On Wed, Feb 12, 2014 at 12:24:22PM +1300, Bob Brown - Turboweb wrote:
> I can't claim credit for this response as I asked a local guru I
> know and here is his response regarding the concept of whether
> there's a "null" IP you can use ...
> 
> Nope, not really ... but there are the reserved RFC1918 address
> ranges that could be used - 127/8, 10/8, 172.16/12, 192.168.0/16.

Yes, I wondered about that, I'm using the 192.168.0/16 range for my
LAN but the others would be possible, though they'll generate timeouts
as noted below won't they?


> What this DNSmasq thing is doing it trying to 'throw away' requests
> for the specified sites completely, but in fact all it is doing is
> to provide an answer, just not the one they wanted. In this case the
> answer was '127.0.0.1' and for the person on this post, they were
> testing *from the server* so of course they got the server's local
> HTTP service. If you tried it from a workstation, you'd not get the
> same result ... unless you had a web server installed on there as
> well. The default web servers listen to anything on 127/8 :-)
> 
It's "from the server" because I run apache2 on my desktop machine.
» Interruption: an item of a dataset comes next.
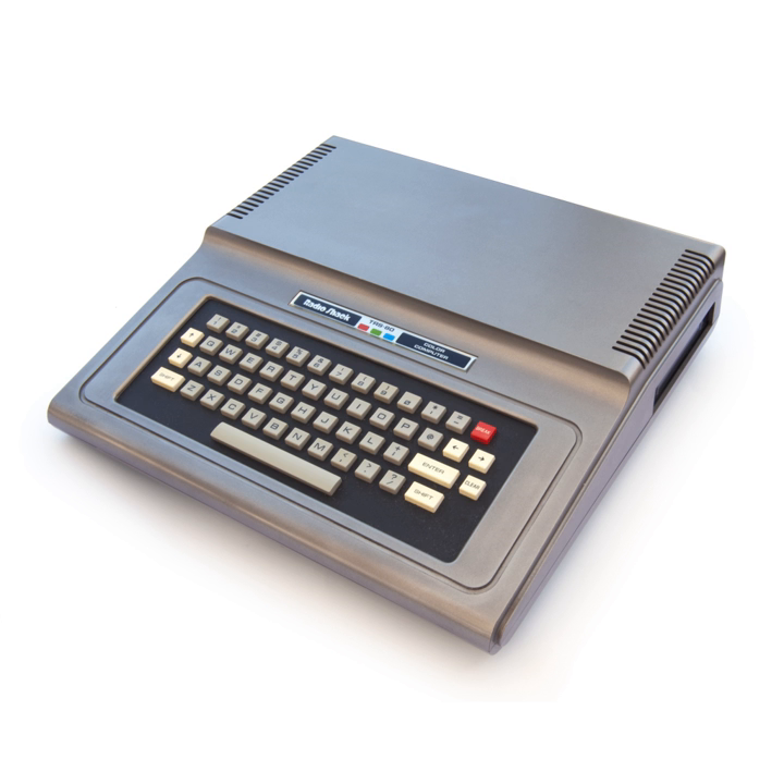The Color Computer, with its Motorola 6809E processor, is very different from the Zilog Z80-based TRS-80 models. Byte magazine wrote that the only similarity between the two computers is the name; indeed, the '80' in TRS-80 stands for Z80. For a time, the CoCo was referred to internally as the TRS-90 in reference to the '9' in 6809. However, this was dropped and all CoCos sold as Radio Shack computers were called TRS-80 in spite of the processor change.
> You can return any IP you want with dnsmasq, and if you return an
> address that doesn't exist you'll trigger a long timeout while the
> web browser waits for an answer ... so it's best to not do this at
> all. If you don't use the 10/8 network, you'd say
> address=/ihatethissite.com/10.0.0.1
> <http://ihatethissite.com/10.0.0.1> ...
> 
Yes, absolutely, I realised that a non-existent address would slow
things down, not a good idea.  In fact it seems to me that will always
be an issue won't it.


> I note that all of the addresses in that example are effectively web
> services, so in this case the better option would be to have a web
> proxy on the network that filtered out those sites. The other common
> alternative is to have a web browser do the filtering (using an
> addon like NoScript or something); and of course you also keep
> another web browser handy that doesn't have those restrictions, just
> in case one day you need those sites ...
> 
The advantage of using dnsmasq is its simplicity and it works for all
users on the LAN rather than having to install add-ons in everyone's
web browser.  A proxy would be OK except that I've nowhere to put it
really.  A proxy produces the same problems anyway doesn't it as the
request is generated at the client end so *something* has to be
returned to the client when an unwanted site is requested doesn't it?